Captioned web image data
-- Opening Marker --

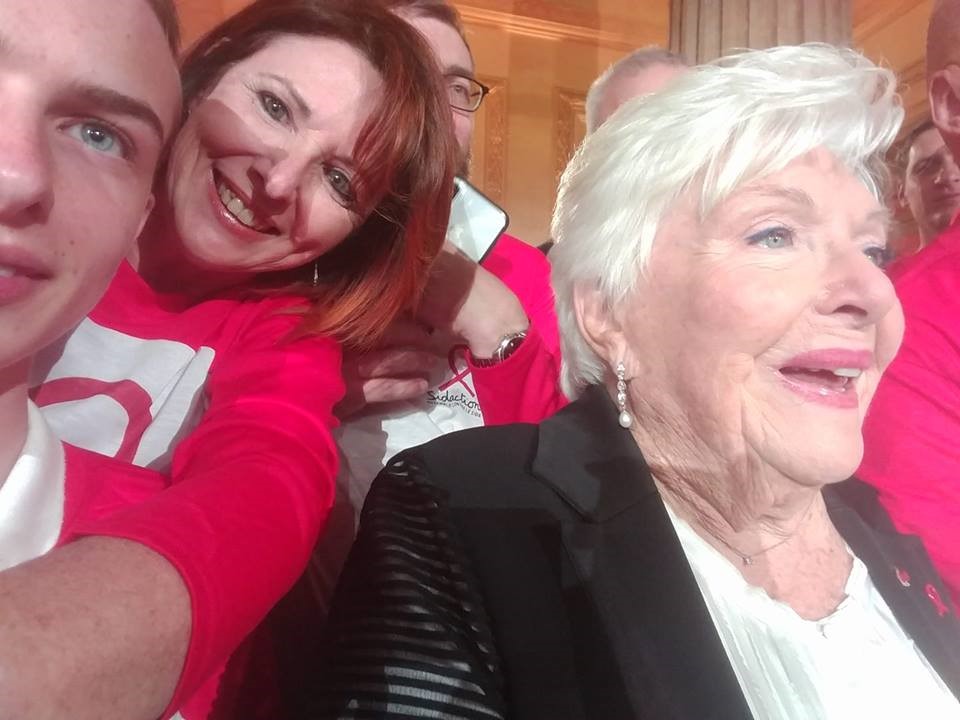 (alt)sidaction voyante judith fricot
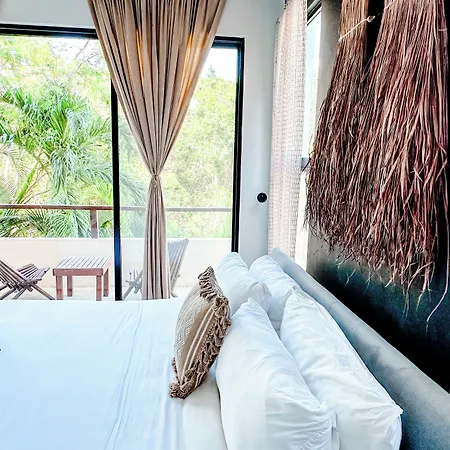 Apartment Los Amigos Tulum Tulum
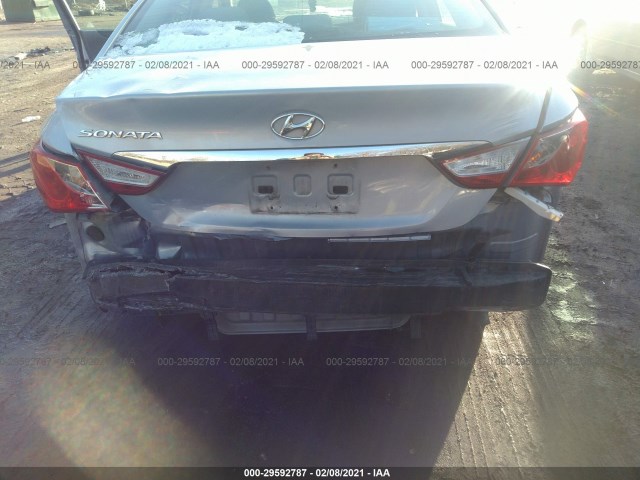 Photo 5 VIN: 5NPEB4AC0BH257729 - HYUNDAI SONATA 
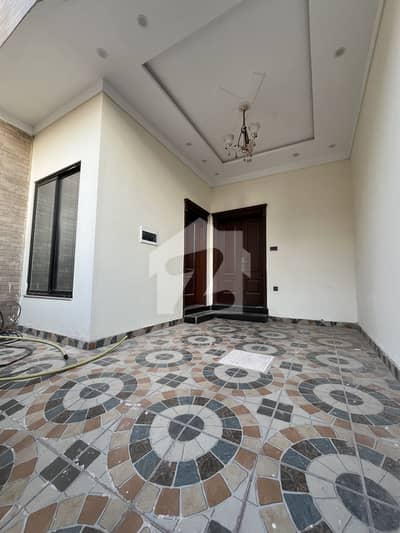 5 Marla Brand New House Available For Rent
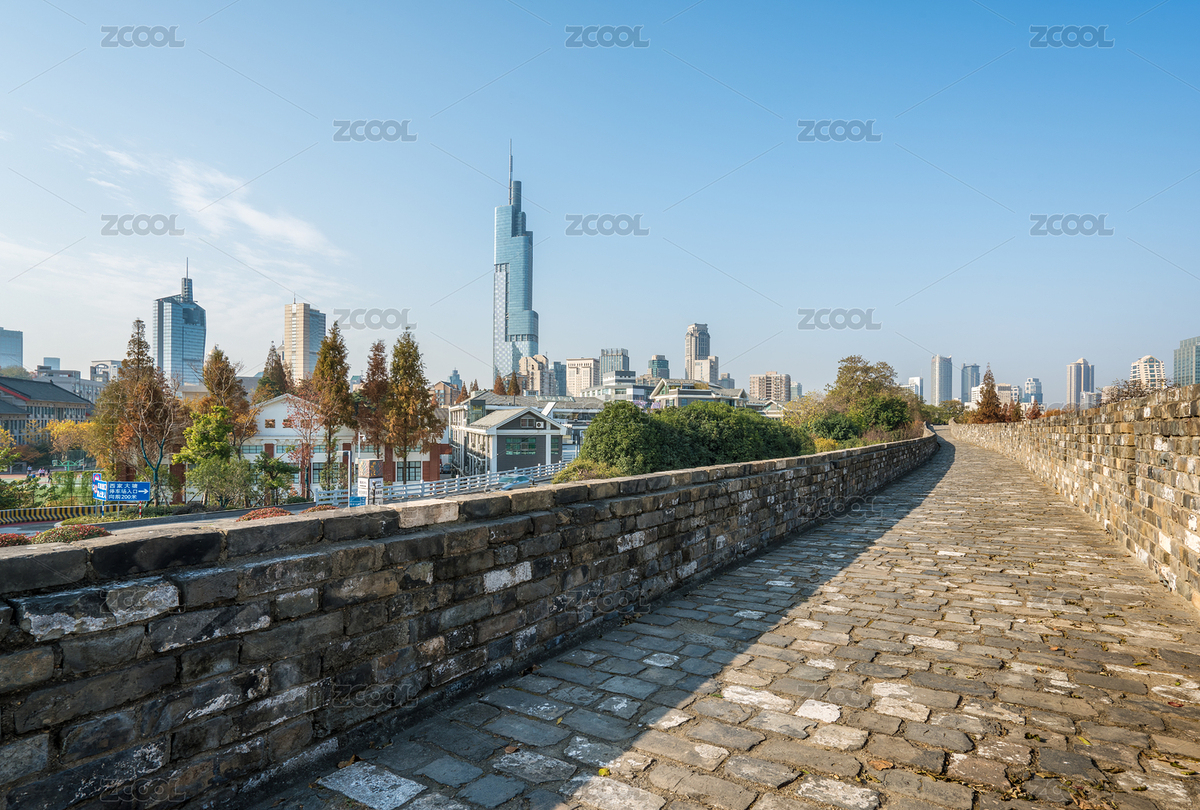 南京明城墻（主預覽-4513525） - 未分類 - 站酷設計師yuanbo83原創(chuàng)素材 - 站酷ZCOOL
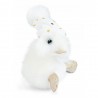 Peluche Coin Coin Pompon - 18 cm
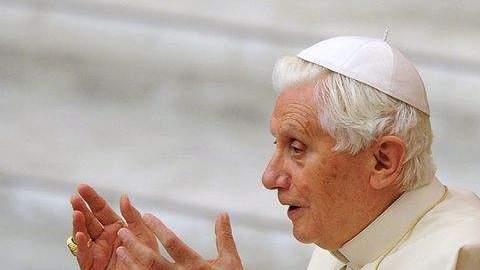 Benedicto XVI.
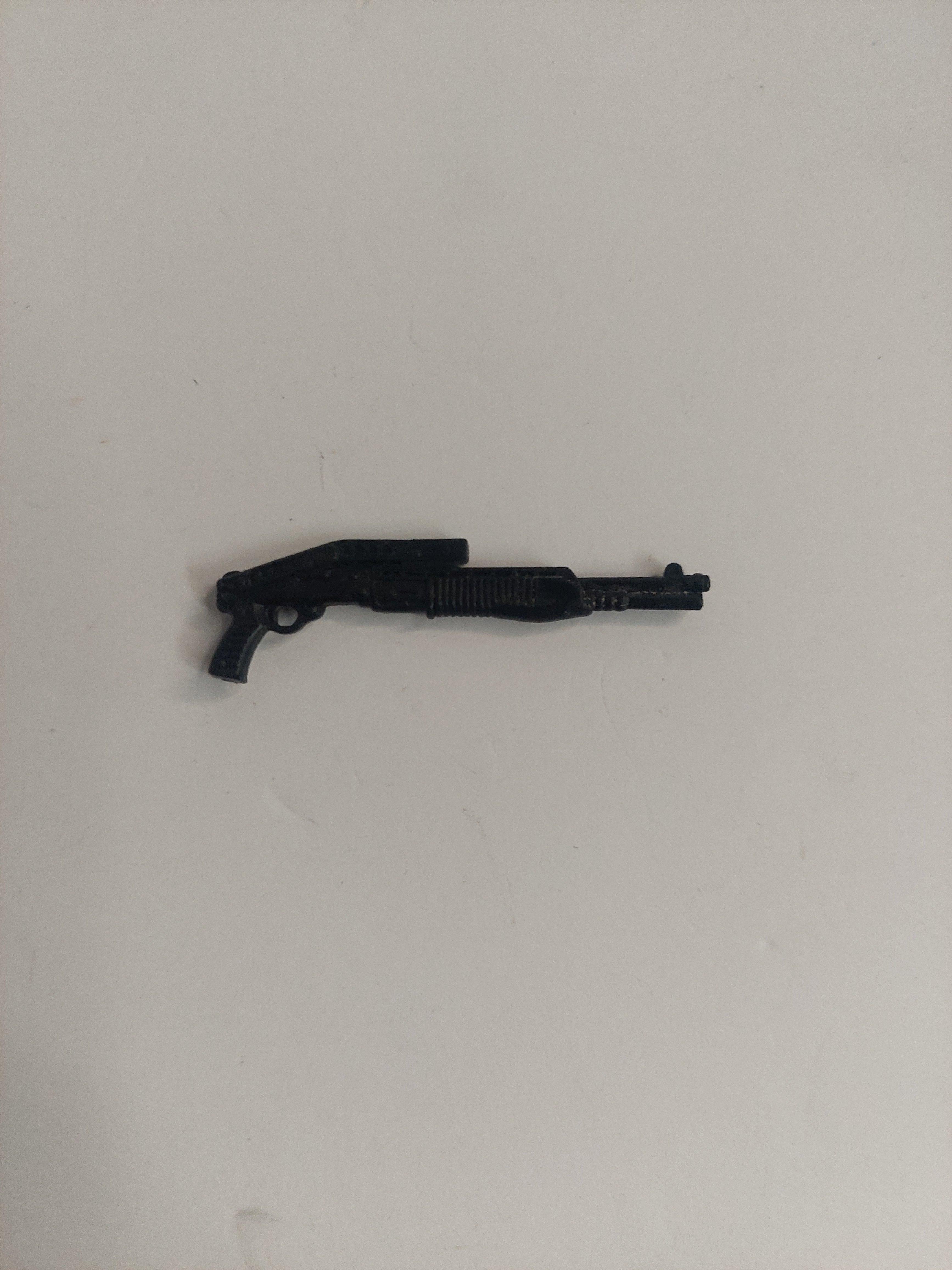 G.I. Joe Destro V10 Shotgun Accessory 2003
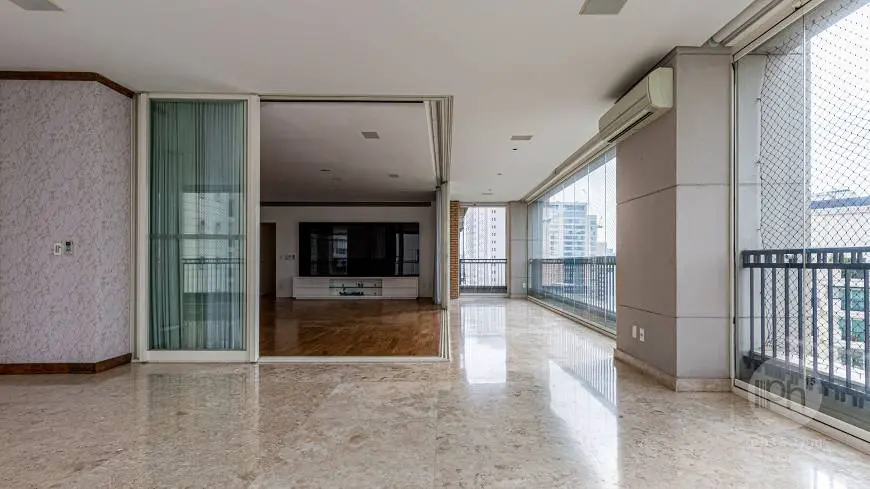 Foto 4 de Apartamento com 4 Quartos para alugar, 470m² em Moema, São Paulo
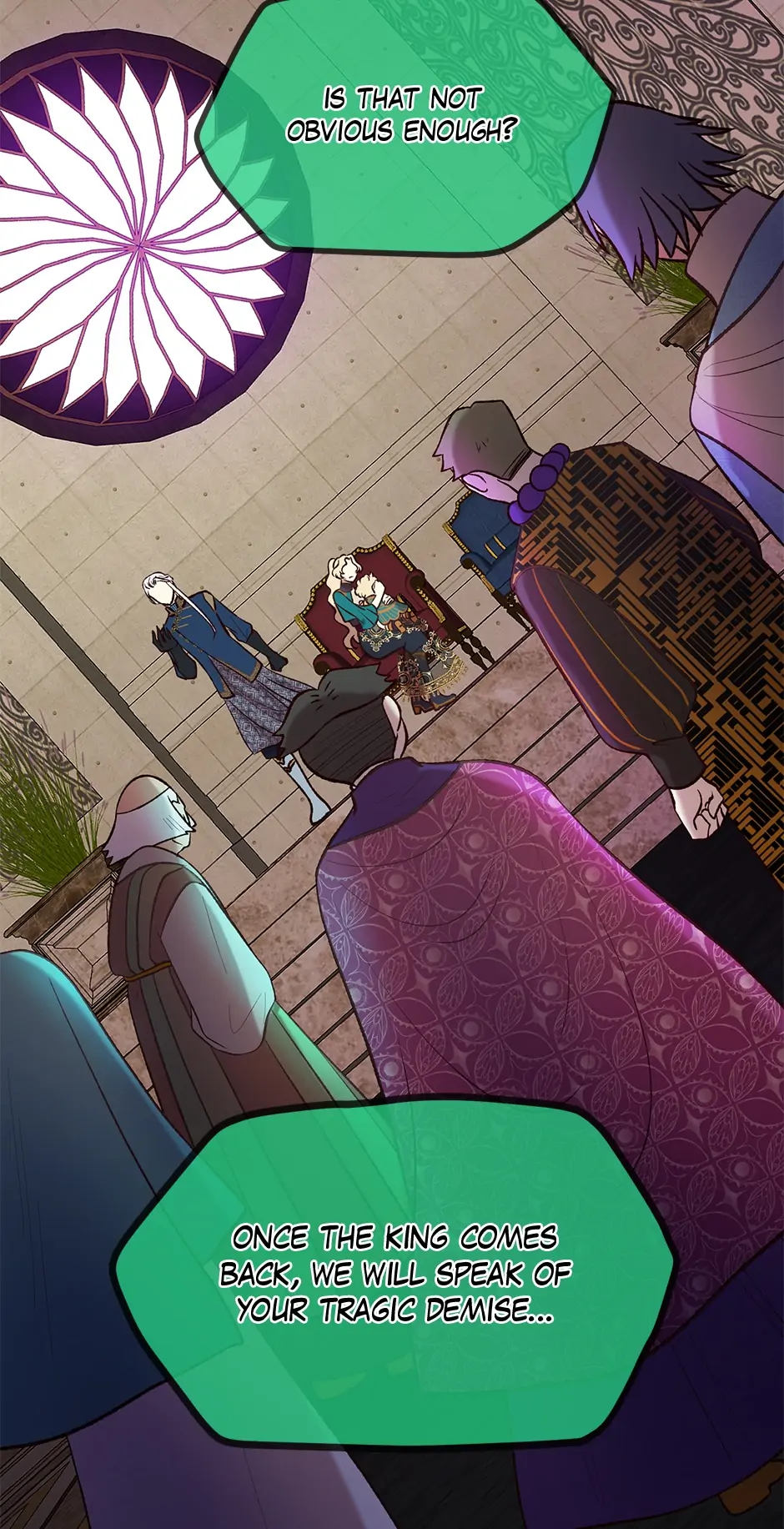 Three Lifetimes Chapter 78 - Page 38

-- Closing Marker --

For this exercise, return the data above exactly and leave every picture out.

REPLY:
 (alt)sidaction voyante judith fricot
 Apartment Los Amigos Tulum Tulum
 Photo 5 VIN: 5NPEB4AC0BH257729 - HYUNDAI SONATA 
 5 Marla Brand New House Available For Rent
 南京明城墻（主預覽-4513525） - 未分類 - 站酷設計師yuanbo83原創(chuàng)素材 - 站酷ZCOOL
 Peluche Coin Coin Pompon - 18 cm
 Benedicto XVI.
 G.I. Joe Destro V10 Shotgun Accessory 2003
 Foto 4 de Apartamento com 4 Quartos para alugar, 470m² em Moema, São Paulo
 Three Lifetimes Chapter 78 - Page 38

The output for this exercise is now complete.